The report found that stakeholders' responses and the EC's assessments did not point to an urgent need to make substantive changes to the relevant commodity derivatives framework. However, targeted amendments could be considered in the future. The findings from the report include:- Data-sharing and reporting—the EC acknowledges that the current reporting framework for commodity derivatives is complex. Under a gradual approach, short-term measures to facilitate data-sharing between authorities and improve the interoperability of data sets could be explored. This could include the institutionalisation of data exchanges between financial and energy regulators, with systematic access granted to respective supervisory data, eliminating the need for ad hoc access requests. The EC could also explore the adoption of unique identifier formats for transactions reported under both financial and energy frameworks.
- Ancillary activity exemption—the EC confirms that the ancillary activity exemption is functioning adequately and that altering its scope and operation may have significant and far-reaching consequences. If a review of the ancillary activity exemption is contemplated at a later stage, the EC suggests that a tailored prudential regime commensurate with the risk profile of firms operating in commodity derivatives markets would be more appropriate.

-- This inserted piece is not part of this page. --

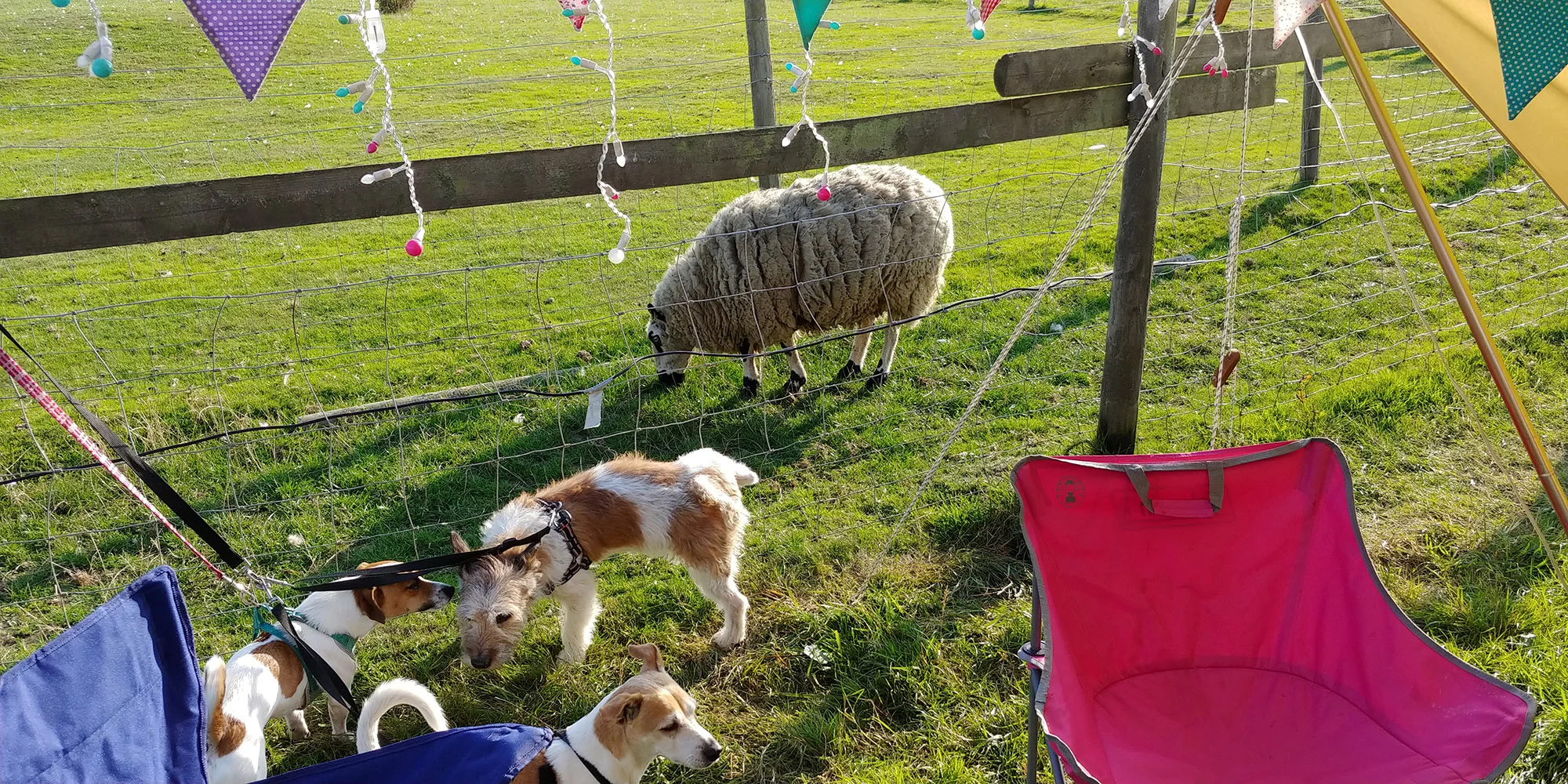 Just a sheep casually wandering along in front of the tent. We weren't sure what the dogs would make of the proximity to the animals, but Enrique contented himself with trying to wee on them.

- Position limits regime—the EC highlights that the current position limits regime functions adequately. The EC sees potential for further exploring: (i) the conditions under which trading venues could be tasked with greater, yet well-framed, responsibilities in granting hedging and liquidity provision exemptions, as well as possibly ad hoc exemptions. This could make the measure more agile and more responsive to market trends; (ii) in order to support trading venues in fulfilling their position management mandate and to ensure fair and orderly markets, the conditions under which trading venues could be entrusted with extended position management control powers to request, on an ad-hoc basis and in certain circumstances, information on the positions held by their market participants in a broader set of over-the-counter (OTC) contracts related to the commodity derivatives they offer for trading, and related assets and liabilities in the underlying commodity; (iii) whether the reporting of economically equivalent OTC positions could be extended to all market participants; and (iv) to what extent a possible additional requirement on third-country market participants to submit information on end beneficiaries could be appropriate to close the gap in the current position reporting.